The output should be the listing below, limited to the lines from the one with "Pink phone used" through the one with "Young african businesswoman", exact and without pictures.

═════ INFORMATION ═════

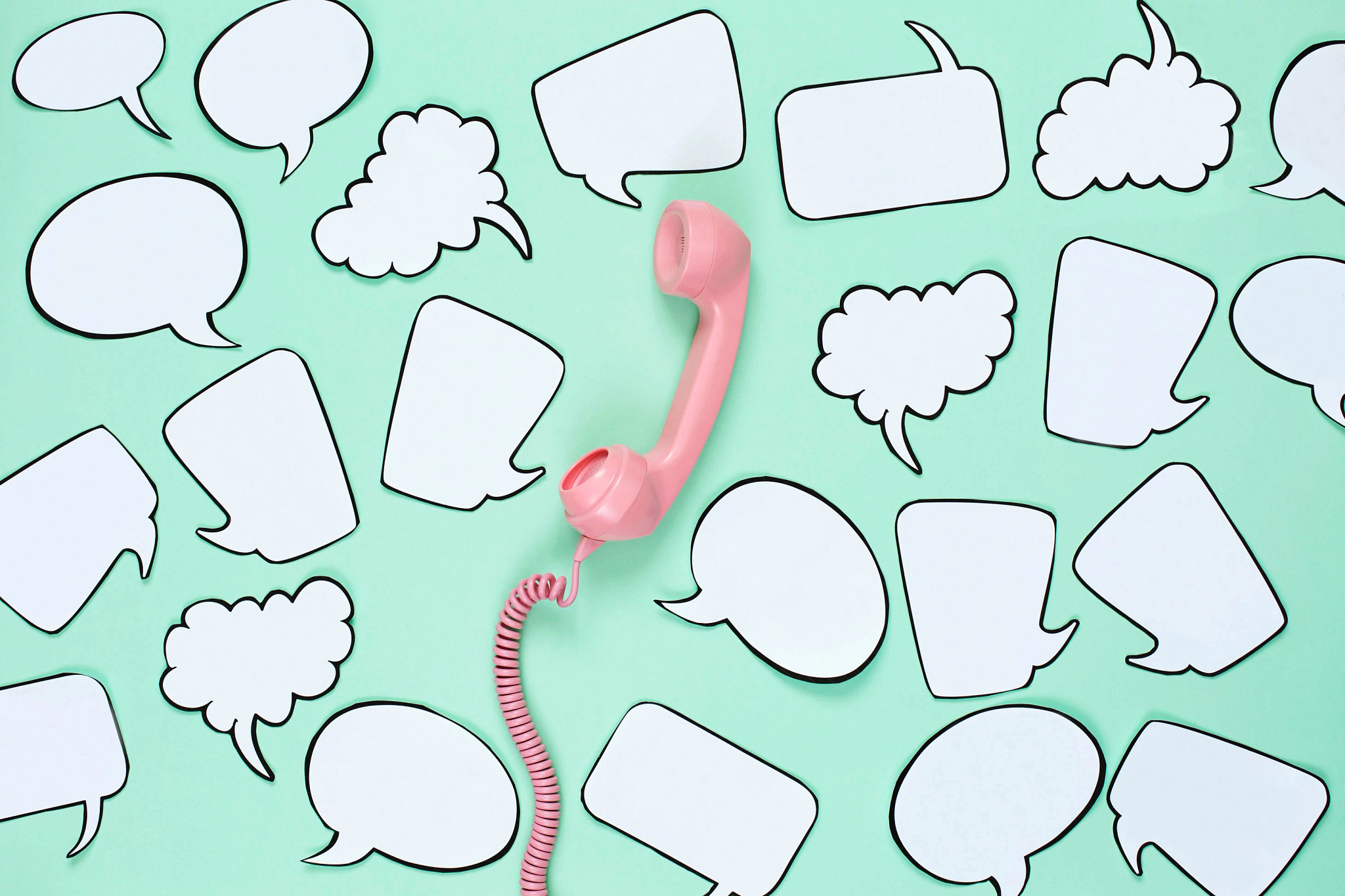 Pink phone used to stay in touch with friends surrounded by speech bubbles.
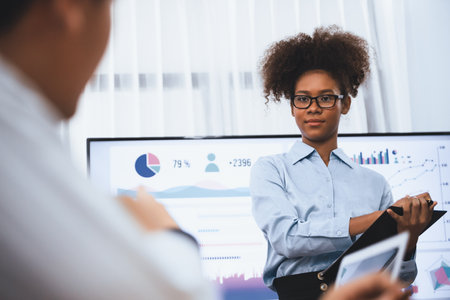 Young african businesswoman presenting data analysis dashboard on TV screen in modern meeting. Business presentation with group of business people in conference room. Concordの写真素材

═════
═════ INFORMATION ═════

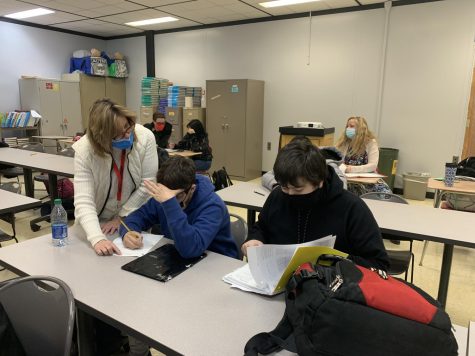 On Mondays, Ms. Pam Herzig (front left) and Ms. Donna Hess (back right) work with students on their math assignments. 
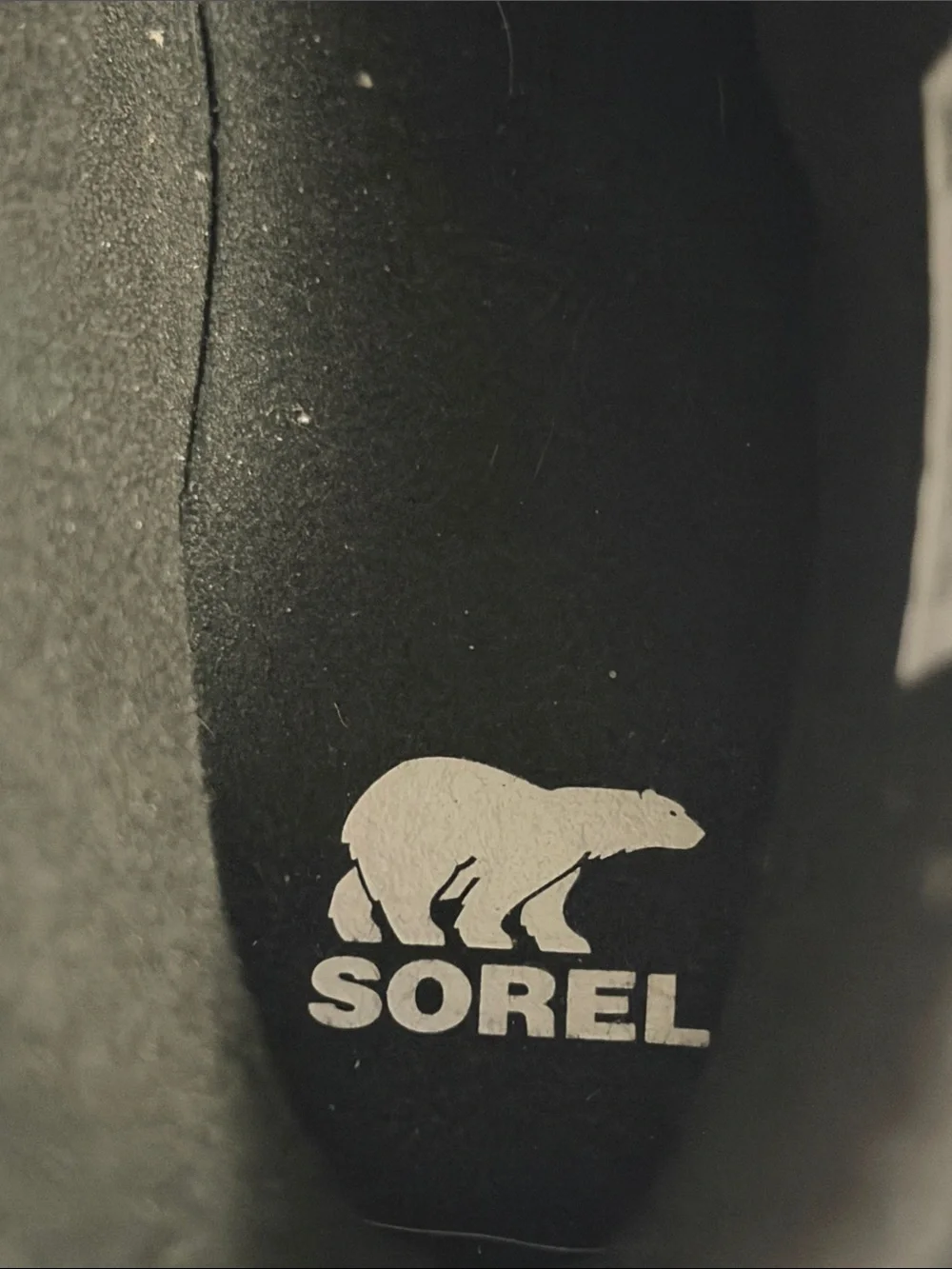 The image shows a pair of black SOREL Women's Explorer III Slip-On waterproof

═════

■ **ANSWER AREA**:
 Pink phone used to stay in touch with friends surrounded by speech bubbles.
 Young african businesswoman presenting data analysis dashboard on TV screen in modern meeting. Business presentation with group of business people in conference room. Concordの写真素材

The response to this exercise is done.